In this book Richard Cornish explored some truly tempting recipes for vegetarians or people who simply want to try more meat free dishes. Between the ‘low carbonara’ and dishes like baked artichoke with pieces of almond and buffalo mozzarella it is no wonder my mouth was watering much of the time. At the very least I finished reading this book with a number of recipes I want to try. 

Just before he decides to extend his meat-free month to a year Cornish states, I thought I would learn something by giving up meat. I didn’t realise it would re-educate me. The unintended consequence was that I was learning something every single time I went to talk to someone about what I was doing.

I was interested to learn about nutrition and the different things you need to eat to replace the meat in your diet. I was also intrigued to read about the different chemicals used in the process of manufacturing meat-like substitutes and how one chemical used in some of them is banned in several countries and not recommended for children in the European Union.
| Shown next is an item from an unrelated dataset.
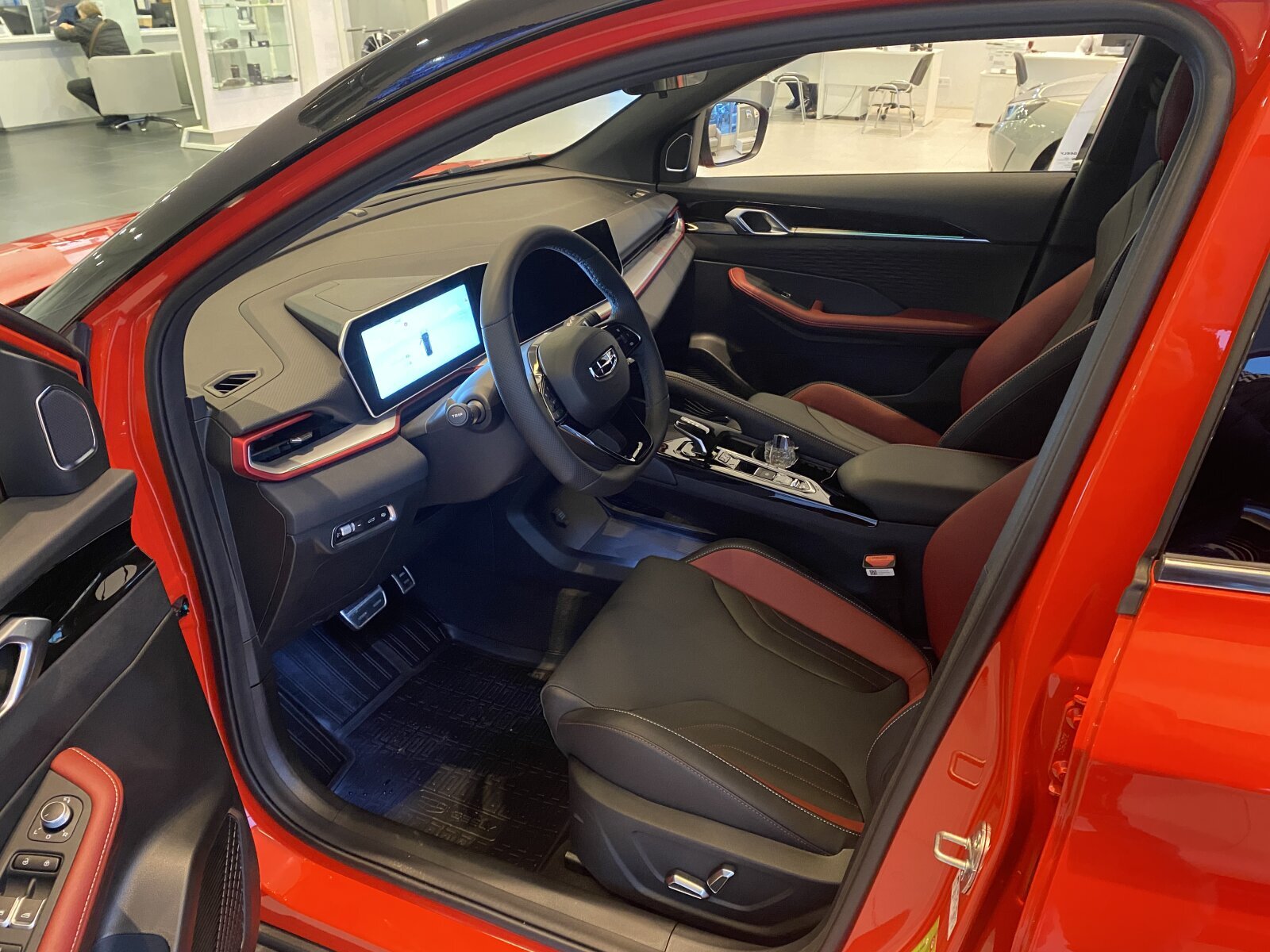 Легковой автотранспорт - GEELY Coolray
But not one animal died in its making.

I enjoyed learning about different cultural and historical practices both in Australia and abroad. I particularly enjoyed his discussion about Skippy The Bush Kangaroo, a programme I can remember watching when I was little and one which he says was the Game of Thrones of its day. I also learnt about why meat plays such an important part in Spanish diet and why some areas of Spain are reluctant to eat mushrooms post-Franco. 

Cornish makes an interesting point about modern meat eaters,

“Meat eaters have a similar system of complicity. This is how we are able to live with the reality that what is lying on a polystyrene tray was once a living animal. It is a tribal complicity where no one person takes responsibility for the taking of an animal’s life. We didn’t kill the cow. All we did was pay the butcher.” 

More disturbingly he points out,

“our relationship with animals has been defined by the premise that animals are not sentient. It has been as fundamental as the presumption of innocence. But the foundation principle of our society – that animals don’t have emotions or fish don’t feel pain – is slowly being eroded. Scientists are digitally dissecting live animals using magnetic resonance imaging and they are telling us that lobsters do have pain receptors and that cattle experience fear. These studies bring into question the very tenet on which we allow ourselves to eat meat.” 

He argues that,

“Once it is understood that at the heart of every mouthful of meat there is the forced, traumatic death of an animal, then we have no other option than to make important choices about what we eat. Once people like you make this connection, many chose the path of vegetarianism. There, for many, is the only ethical path.”

I would definitely recommend this book to others.